Perched atop the mountain Haleakalā on the island of Maui in Hawaii, the National Science Foundation's Daniel K. Inouye Solar Telescope stares up toward the sun.
The telescope, nicknamed DKIST, was scheduled to open in the summer of 2020 atop the mountain's summit, which has long been lauded for its incredible views of the sun, with tourists flocking to the peak to view incredible sunsets. The mountain's name is actually Hawaiian for 'house of the sun,' making it a fitting place for the world's largest solar telescope.
In January 2020, Space.com visited the telescope, named for the Hawaiian senator who served for nearly 50 years.
Work in progress
Because the telescope was still under construction during this visit, all visitors were required to don bright yellow clothing and a hard hat. But even once the observatory is complete, it will remain a potentially hazardous place to visit. With an altitude just over 10,000 feet (3,050 meters), the observatory sits above much of the Earth's atmosphere. The high altitude can affect visitors, and oxygen equipment and other health monitors were visible throughout the facility. High altitudes can cause shortness of breath, weakness, nausea and other symptoms, an issue that the group was reminded of when one visitor had to be taken to the hospital mid-visit.
After a brief review of the observatory's capabilities, the group moved up the stairs to see the giant telescope itself. DKIST towered above the group, stretching over 76 feet (23 meters) from its tip to the floor.
The telescope sits on a wide circular base. Both it and the dome are capable of rotating, allowing the instrument to track the sun across the sky over time. The dome's edge includes catwalks that allow engineers and technicians to access the instrument. Underneath is a mess of wires that manage the 120 actuators that keep the telescope's mirror level and unmoving during observations.
At first glance, DKIST resembles traditional telescopes.
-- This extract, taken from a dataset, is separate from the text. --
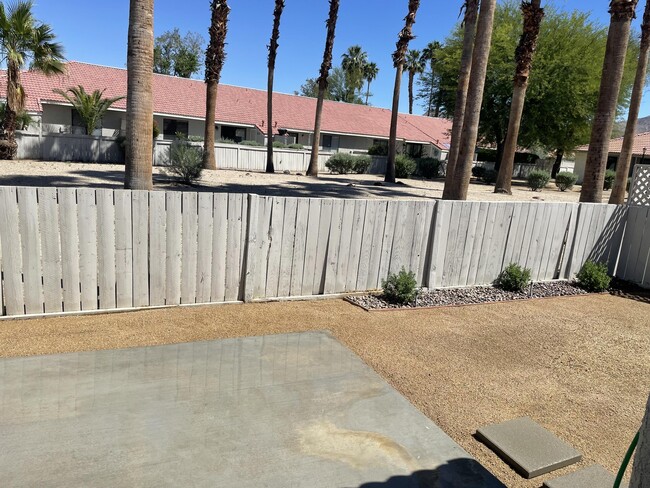 Building Photo - 43376 Cook St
Light streams through a circular hole in the dome and hits a 4-meter mirror sitting atop white scaffolding. The Gregorian telescope is designed to avoid a central obstruction. A large arm holds a small circular object at its peak.
But that's where the resemblance ends. Instead of the focal mirror most nighttime instruments carry, DKIST has a complex optical assembly at the end of the arm that deals with a significant amount of heat. Sunlight reflects off the telescope mirror to the top end optical assembly. Most of the heat is absorbed by the heat stop, a piece of liquid-cooled metal that absorbs more than 95 percent of the reflected heat and light. A small fraction of the light passes through to hit smaller cooled mirrors that align the rays and pass them to a series of mirrors in the Coudé laboratory below, which is a rotating platform that houses an array of instruments.
During the January tour, DKIST had a problem with its heat stop. The initial heat stop had been replaced by a temporary stop, which the scientists were in the process of refining. A second version was expected to be implemented within a few months, prior to the projected end of construction this summer.
A distant lab
Unlike many telescopes, DKIST doesn't have an array of instruments hanging off of it. Instead, a small portion of the incoming sunlight travels down its central pillar several stories below to the Coudé Laboratory. The laboratory is the heart of the instrument and where data from the telescope is collected.
Light travels straight down from the telescope to the lab, where an array of mirrors bounce it from instrument to instrument as though they were lighting an ancient Egyptian tomb. The lab sits on a circular platform 54 feet (16.5 m) across. The 150-ton platform rotates to counteract the rotation of the Earth, which causes the sun to appear to move across the sky.
The lab is a Class 10 cleanroom, with a relatively high minimum cleanliness level. Unless they are installing, removing or repairing instruments, visitors to the observatory are only allowed to see it through a pane of glass. A shade is closed over this glass during observations when sunlight streams from the telescope to the instruments beneath.
When construction is completed, DKIST will have five instruments performing science, but those instruments can be switched out over time to allow for different types of observations and studies. The telescope's instruments are intended to be automated, not requiring direct human interaction, with results transmitted by computer.
The Inouye solar telescope is poised to study the outer layers of the sun in incredible detail, allowing researchers to zoom in on fundamental magnetic and plasma processes. Although it has already released its first light image, once the telescope has completed construction and can operate at full capacity, it will shine significant light on solar science.